I had some issues with a mailbox quota a few days ago. It uses Microsoft Exchange and have some terrible limitations:
- The e-mail quota is only 1 GB;
- It uses Microsoft Exchange and doesn’t have support for IMAP, POP3 and even SMTP.
- The e-mail provider doesn’t allow me to create filters to auto forward. Yes, it uses Outlook web app, but even when I set up the filter, it doesn’t work.
The inbox has 2769 e-mails. Imagine saving each one of these e-mails OR forwarding one by one. Woking as fast as I can, it takes me a least 10 seconds to forward 1 e-mail. There’s also a catch, each e-mail that I forward fills my “sent mail” box, for someone that doesn’t have any space left, think about how many times it would take to stop forwarding to clean the other folder. Not taking in consideration this cleaning processes, it would take me 8 hours working non-stop.

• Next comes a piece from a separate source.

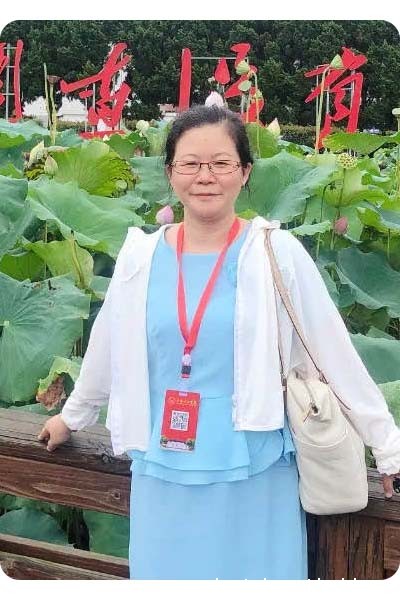 优秀共产党员 | 黄雪霞：人生在勤，不索何获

The Exchange Web Services client library
I decided to google a solution and I although I could’t find many, I found the exchangelib github repository. And wow, that was smooth.
This module provides an well-performing, well-behaving, platform-independent and simple interface for communicating with a Microsoft Exchange 2007-2016 Server or Office365 using Exchange Web Services (EWS). It currently implements autodiscover, and functions for searching, creating, updating, deleting, exporting and uploading calendar, mailbox, task, contact and distribution list items.
The Exchange Web Services client library page.
The page is extremely well documented and very promising. So I decided to take a shot.
Installing exchangelib
Installing it took me less time than forwarding 1 e-mail:
pip install exchangelib
Code language: Bash (bash)
The page also recommends downloading more sttufs: “exchangelib
uses the lxml
package, and pykerberos
to support Kerberos authentication. To be able to install these, you may need to install some additional operating system packages.” So if your are running Ubuntu, one more command:
apt-get install libxml2-dev libxslt-dev libkrb5-dev build-essential libssl-dev libffi-dev python-dev
Code language: Bash (bash)
And that’s all, we can begin working with exchangelib.
The teaser
The github page has a “teaser” that, for a beginner like me was very understandable:
#!/usr/bin/python
from exchangelib import Credentials, Account
credentials = Credentials('john@example.com', 'topsecret')
account = Account('john@example.com', credentials=credentials, autodiscover=True)
for item in account.inbox.all().order_by('-datetime_received')[:100]:
print(item.subject, item.sender, item.datetime_received)
Code language: Python (python)
And well, it didn’t work….
Timezone offset does not match system offset: 0 != 32400. Please, check your config files.. Fallback to UTC
But as I understood, it was a problem related to my TZ on Ubuntu, so I googled it out and found this page on exchangelib issues. I googled a little more and reached this other page that explain us how TZ works on Linux.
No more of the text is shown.